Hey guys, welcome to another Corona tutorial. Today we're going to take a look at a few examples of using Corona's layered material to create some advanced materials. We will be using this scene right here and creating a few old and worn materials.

──────────

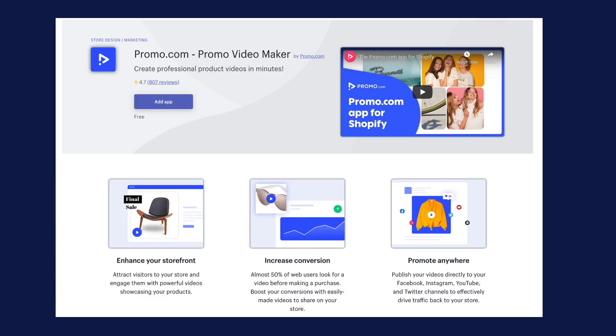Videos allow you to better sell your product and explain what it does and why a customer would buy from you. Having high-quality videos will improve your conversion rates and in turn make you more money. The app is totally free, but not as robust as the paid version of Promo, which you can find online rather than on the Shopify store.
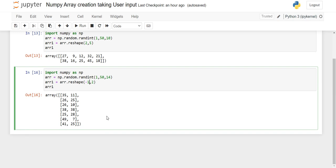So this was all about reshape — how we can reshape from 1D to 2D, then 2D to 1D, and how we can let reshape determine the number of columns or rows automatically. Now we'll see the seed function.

──────────

What you return must match the lines above from the one with "Videos allow you" through the one with "So this was" exactly, with both ends included and the pictures excluded.

Your response:
Videos allow you to better sell your product and explain what it does and why a customer would buy from you. Having high-quality videos will improve your conversion rates and in turn make you more money. The app is totally free, but not as robust as the paid version of Promo, which you can find online rather than on the Shopify store.
So this was all about reshape — how we can reshape from 1D to 2D, then 2D to 1D, and how we can let reshape determine the number of columns or rows automatically. Now we'll see the seed function.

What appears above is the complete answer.